N=305713, N2=783x392=306936, difference =1223
row 783 and 392 are supplanted for brevity to 782 and 391 (Ns-1)
row 391 has pair of -49,1 (using a negative quotient in this case)
491 has pair of 311, 61
solving for 311 has no remainder in N column (=0), so is a factor of 305713
Example 3a.
N=305713, N2=797x399, difference =12290
row 399 is supplanted by 398, row 398 has pair of 49,1
491 has pair of 311, 61. 311 is factor of N.
rows 399 and 398 have N column values of 79 and 49
using rows 79,49 and 78,48 gives vertically configured values in N column of 62,2 and 31,1. May be a coincidence, may be a valid answer.
note: I did find one answer where the Ns number was 457, and the pair of number pairs generated added up to a factor of N. I didn't write that one down due to distraction, and would have a hard time finding where it was.

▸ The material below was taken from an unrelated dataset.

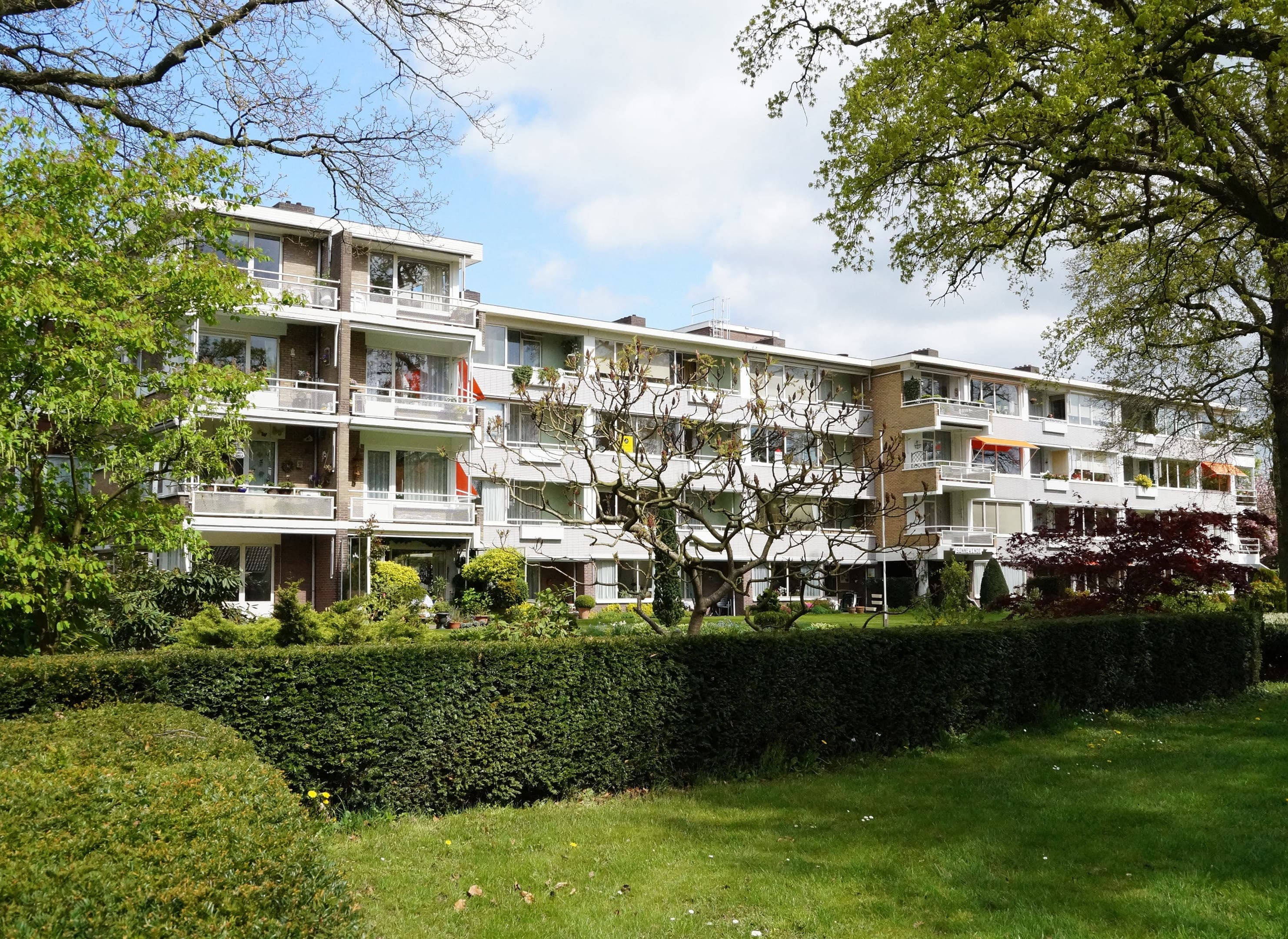 Appartementsgebouw bestaande uit drie delen, linker deel steekt naar voren uit. Op de voorgrond gras en een heg.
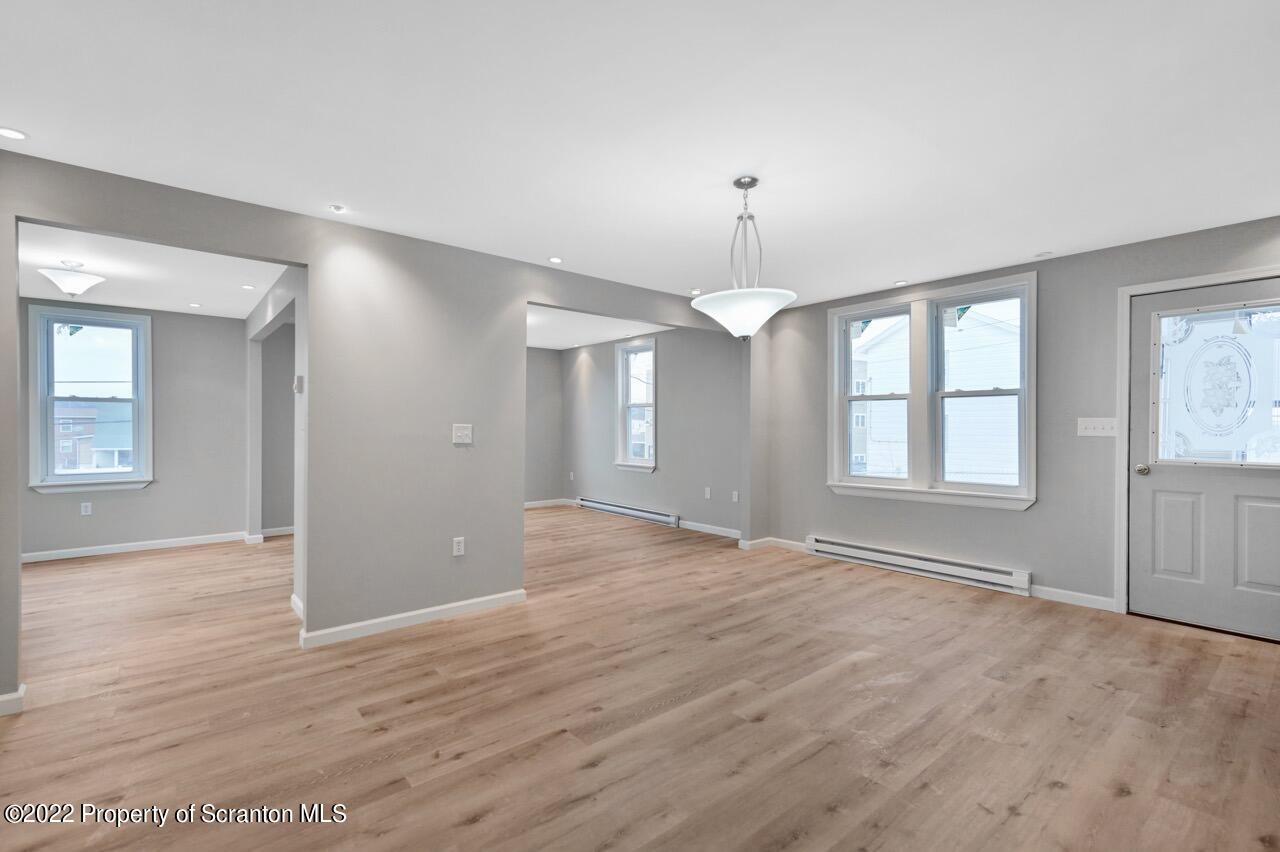 115 West High Street Taylor, PA 18517 - Photo 17 of 38 a view of an empty room with window and wooden floor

I am including photos of worksheets. As an explanation of some of the row configurations, where you see a number followed by a comma in a row, and one of the numbers is negative, I listed both the remainder and the negative remainder. In some cases, a third number is present, which is the remainder+the Ns number, and will be marked as a +number. For pages with multiple columns (more than 2), the first column is for N, and the other columns are for multiple N2 variations. It was confusing to work with, and not a very useful shortcut.
The idea is that for each N, an N2 can be identified, then the factors of N2 (and maybe the difference of N-N2) can be used to identify the Ns rows getting most directly to the factors and factor multiples of N. It seems most often that the Ns-1 numbers are usually the most direct route.